Directions for this task: In the data below, the copy begins at the line containing "Sewa mobil truk toilet portable" and runs through the last line; repeat those lines exactly, minus the pictures.

Given information:
------------------------------

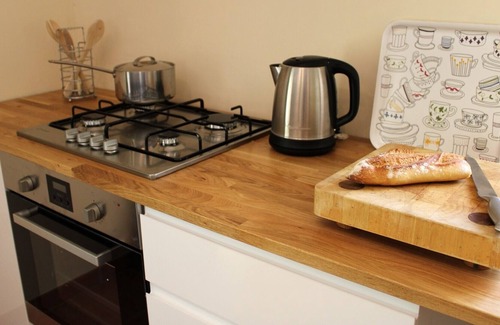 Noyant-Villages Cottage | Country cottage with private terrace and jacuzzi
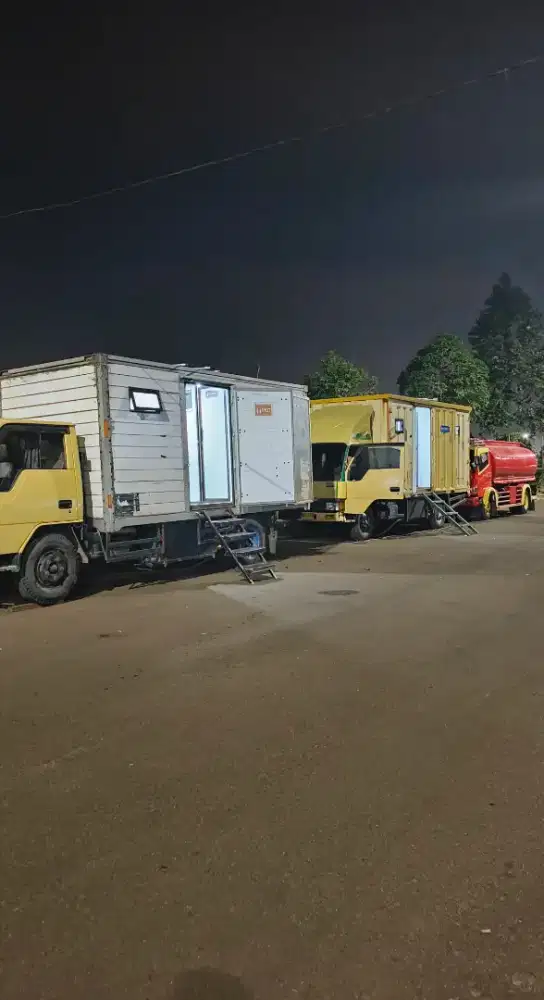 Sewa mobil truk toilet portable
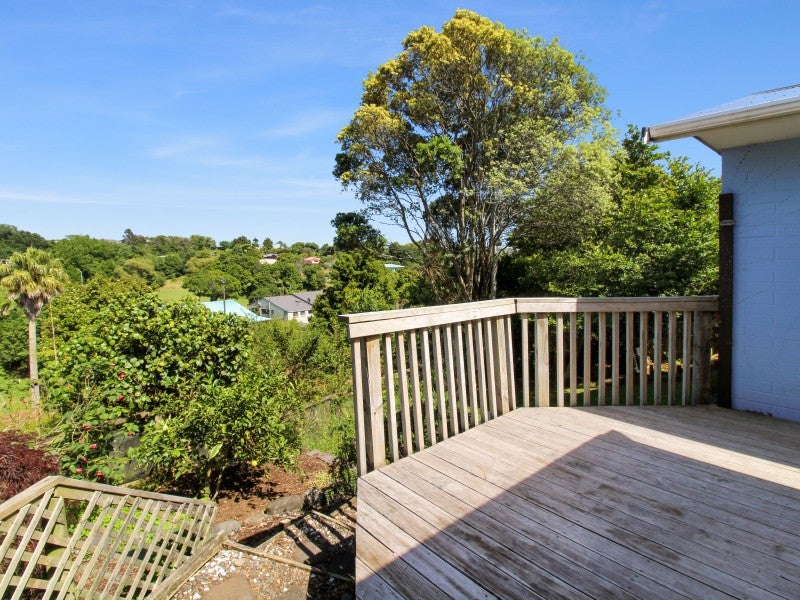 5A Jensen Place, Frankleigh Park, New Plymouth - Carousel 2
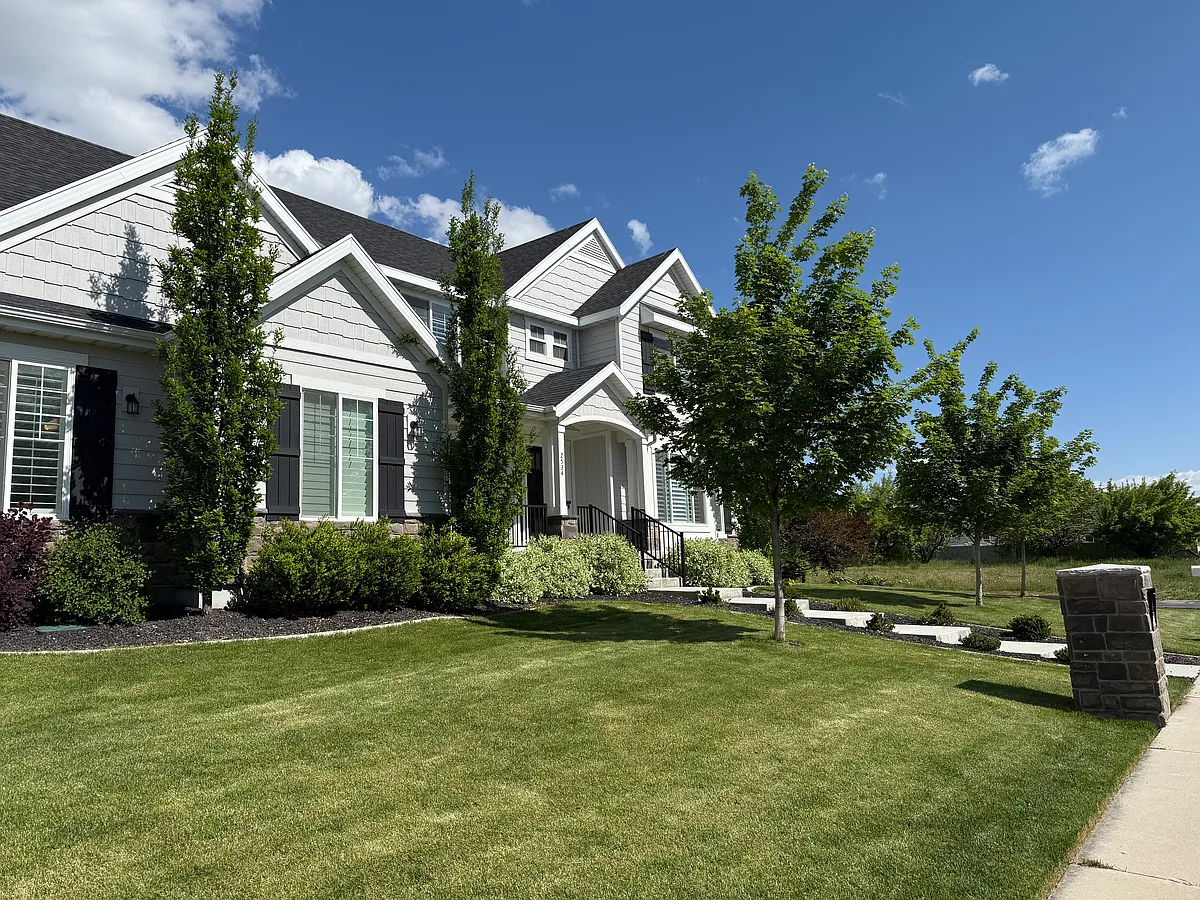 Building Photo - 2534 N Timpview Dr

------------------------------

Completed exercise:
 Sewa mobil truk toilet portable
 5A Jensen Place, Frankleigh Park, New Plymouth - Carousel 2
 Building Photo - 2534 N Timpview Dr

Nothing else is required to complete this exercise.